19-year-old Keisha Austin, from Kansas City, Missouri, will now and forever be known as Kylie Austin.  Kylie’s mother, Cristy, chose the name Keisha because it represented a strong, beautiful black woman and she wanted to instill confidence and culture in her.

“I saw it as a source of pride,” Cristy says. “I wanted her to have that.”

But a source of pride isn’t what “Kylie” received growing up with Keisha as her name.

In an interview with The Kansas City Star, Kylie explains how growing up in a mostly white area made her resent her name because of the racist comments she would always receive.

From The Kansas City Star:

“It’s like they assumed that I must be a certain kind of girl,” she says. “Like, my name is Keisha so they think they know something about me, and it always felt negative.”
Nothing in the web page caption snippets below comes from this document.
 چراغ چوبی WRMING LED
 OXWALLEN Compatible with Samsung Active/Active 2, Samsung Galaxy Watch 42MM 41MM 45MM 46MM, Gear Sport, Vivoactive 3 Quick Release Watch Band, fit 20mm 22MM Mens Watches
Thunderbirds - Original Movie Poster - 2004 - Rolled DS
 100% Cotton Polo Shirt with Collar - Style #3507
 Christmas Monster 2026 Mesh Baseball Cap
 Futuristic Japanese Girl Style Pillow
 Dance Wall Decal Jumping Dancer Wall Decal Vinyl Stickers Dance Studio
Even a teacher once asked if there was a dollar sign in her name, like the singer Ke$ha. If she couldn’t even get through a class without a teacher taking a cheap shot at her name, what would happen in a job interview?
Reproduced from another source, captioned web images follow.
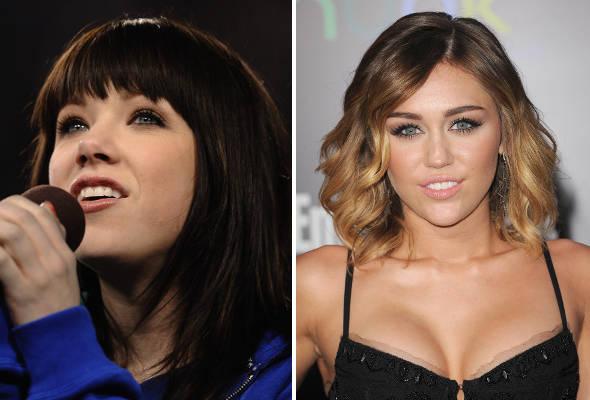 Carly Rae Jepsen confunde irmã de Miley Cyrus com a diva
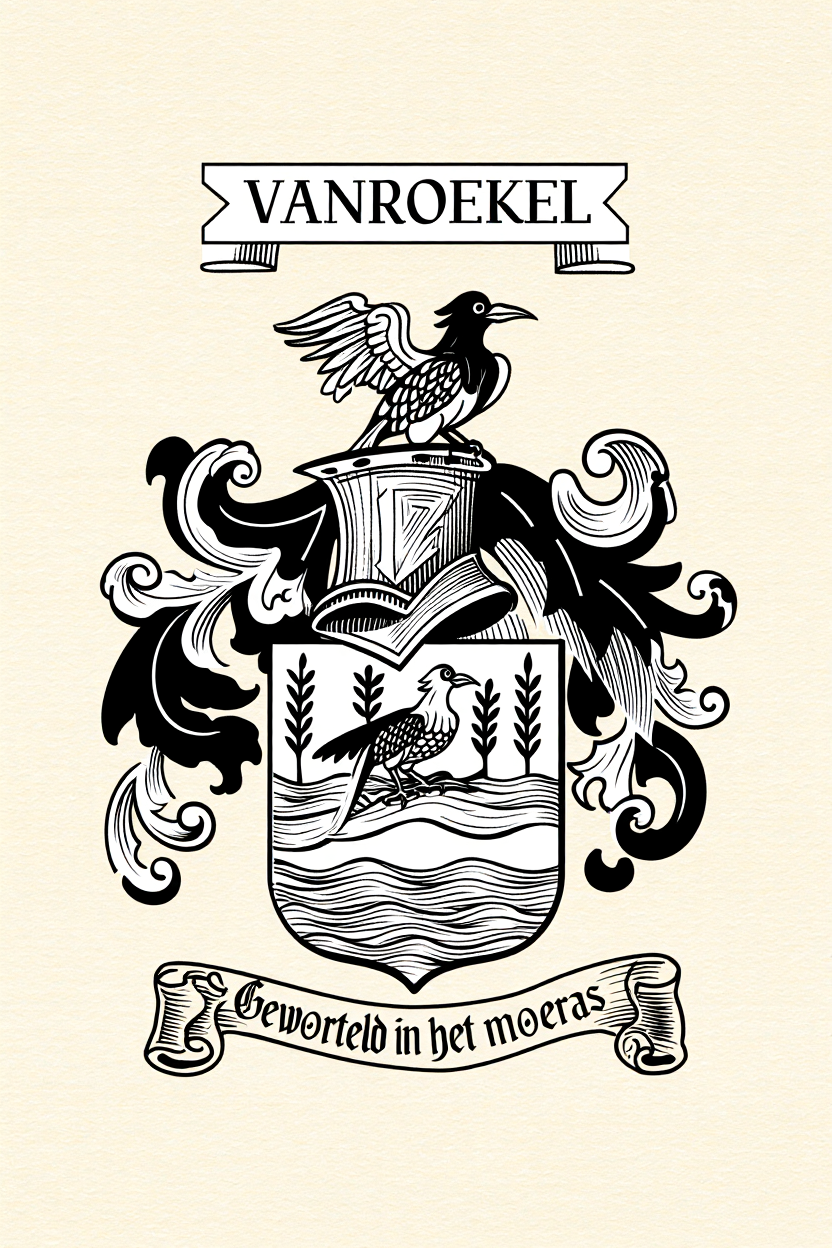 Familiewapen van de achternaam VANROEKEL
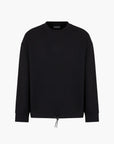 Emporio Armani Regular Fit Crewneck Sweatshirt With Micro Embossed Logo | LEVISONS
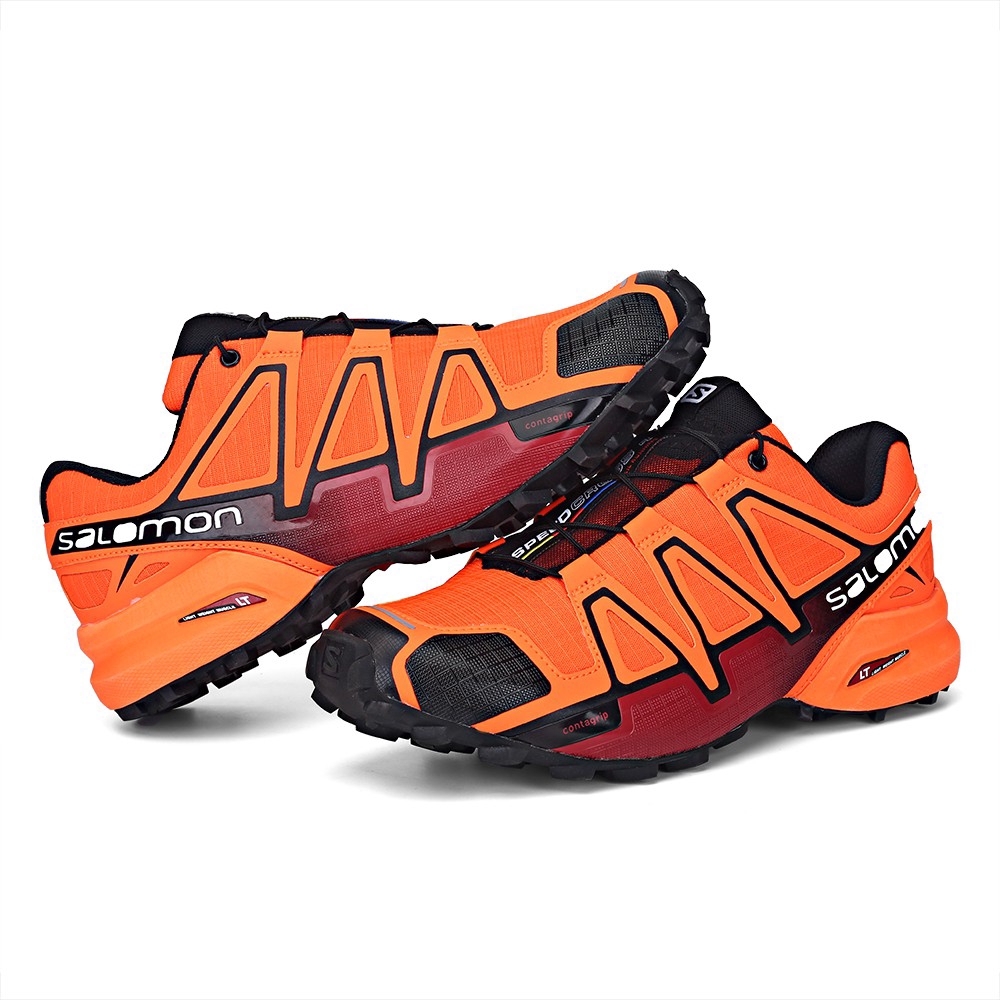 [Với hộp] Chính hãng Salomon SPEEDCROSS 4W màu cam nam ngoài trời giày thể thao thoáng khí :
The more she shared these stories with her mom, the more it became apparent that Keisha was serious about changing her name — not different from the way some Jewish people change their last names to avoid anti-Semitism and Asians sometimes take traditionally American names in addition to their given names.

Not everyone was in agreement with Keisha changing her name. A friend suggested that she could keep her name, and show people she’s not a stereotype. Even Keisha’s mother felt saddened by the name change.
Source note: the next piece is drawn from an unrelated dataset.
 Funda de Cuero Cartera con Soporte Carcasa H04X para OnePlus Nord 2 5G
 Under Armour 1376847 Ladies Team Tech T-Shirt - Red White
“It felt like a gift I gave to her, and she was returning it,” Cristy says. “Keisha was the only name I ever thought of, and when I talked to her in my belly, I talked to Keisha. But she’s still the same person, regardless of her name. But her happiness is what is most important to me. I love and support her, and whatever she has to do to feel good on the inside, I have to be OK with that.”

As of a week ago, and $175 later, Keisha is now Kylie Austin.

Kylie, though?

One has to wonder if the name change was more of a self-esteem issue, rather than being teased about a name. There have been many times when I hated my name growing up as a kid, but that was because people wouldn’t pronounce it correctly. And then there was that song “Iesha”, by Another Bad Creation. I still can’t introduce myself to anyone without them mentioning that song. But did it ever dawn on me to change my name? Never. My parents gave me the name for a reason.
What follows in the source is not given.